A local political scientist thinks it is very unlikely that the Electoral College will be able to change the outcome of this year's presidential election when they officially cast their ballots on Monday. Dr. Timothy Kneeland, a political science professor at Nazareth College, says that Monday's vote is more of a formality than anything else.

A local political scientist thinks it is very unlikely that the Electoral College will be able to change the outcome of this year's presidential election when they officially cast their ballots on Monday.

Dr. Timothy Kneeland, a political science professor at Nazareth College, says that Monday's vote is more of a formality than anything else. The electoral college has 538 members, all chosen by their state's political parties. Kneeland says history shows that most will vote for whoever won the election in their state.

News10NBC: "So it's nearly impossible this will change the outcome?"

Kneeland: "It's very unlikely that you could get 37 people to conspire to change the election outcome."

That's the number of electors who essentially would have to buck their party. Kneeland says history shows some electors have changed their vote to go against the winner -- but it's never actually changed the outcome of an election. If an elector does that, they could be penalized and have to pay a fine.

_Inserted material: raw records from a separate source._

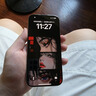 圖拉斯【熱銷100萬+ | 3D熱彎膜】適用iPhone 16 Pro鋼化膜蘋果16pro手機(jī)膜全屏覆蓋防塵無塵倉高清膜 曬單實(shí)拍圖
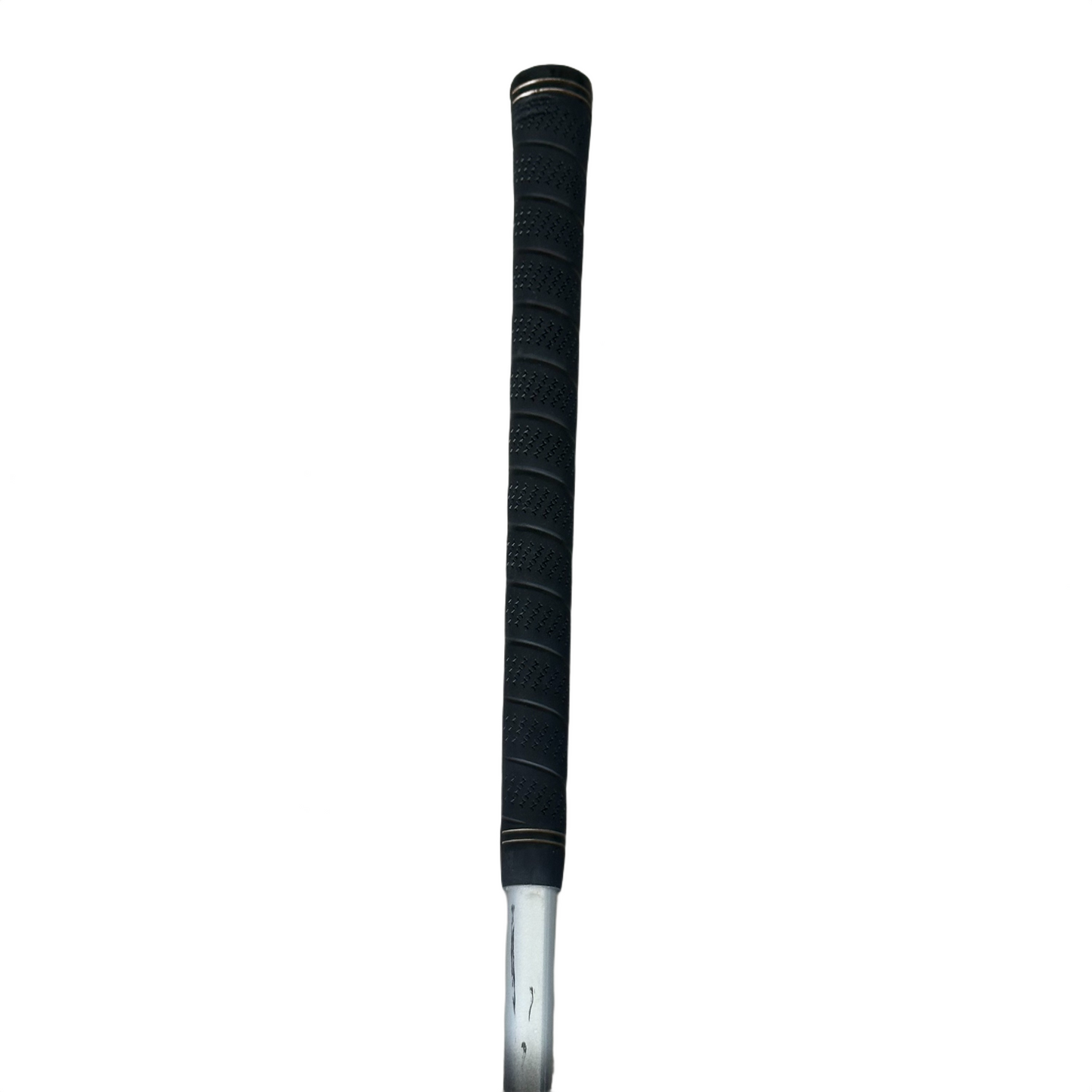 RAM Oversize 5-Wood Herre - Brugt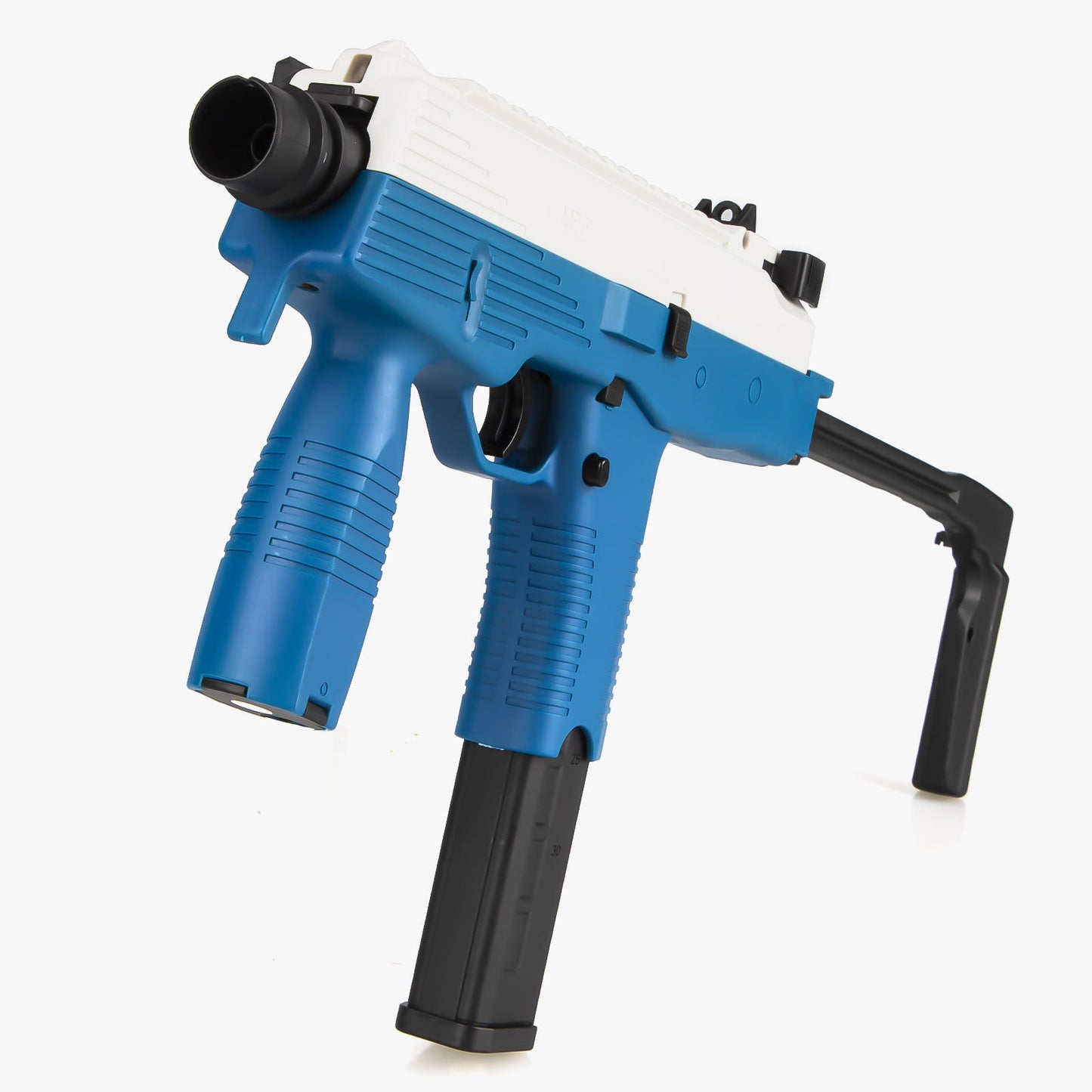 MP9 Toy Gun Blaster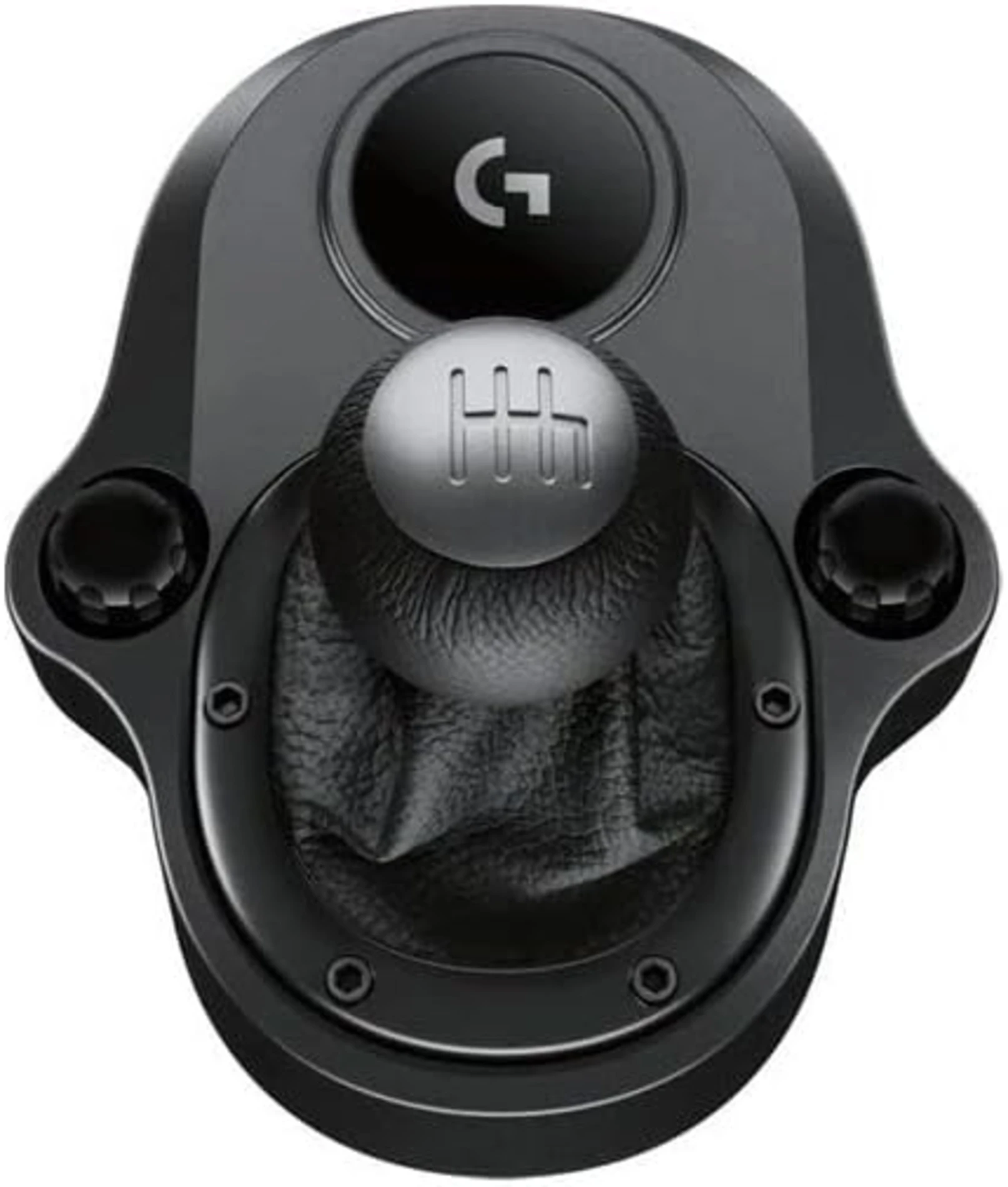  Logitech G29 + Shifter Driving Force oyuncu direksiyon Seti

But since Donald Trump did not win the popular vote- Hillary Clinton won by over two million votes- experts say a movement is underway to get rid of the Electoral College.

Kneeland suggested one alternative:

"Maybe they could put pressure on their state government to sign the compact law, like New York has, where they guarantee that no matter the outcome in their state, their electors would pledge to vote for the person who won the popular vote."

The other method- a constitutional amendment- is unlikely, says Kneeland, as three-quarters of the states would have to vote to change the Constitution.

After the Electors cast their ballots on Monday, Congress will meet on January 6 to count the votes.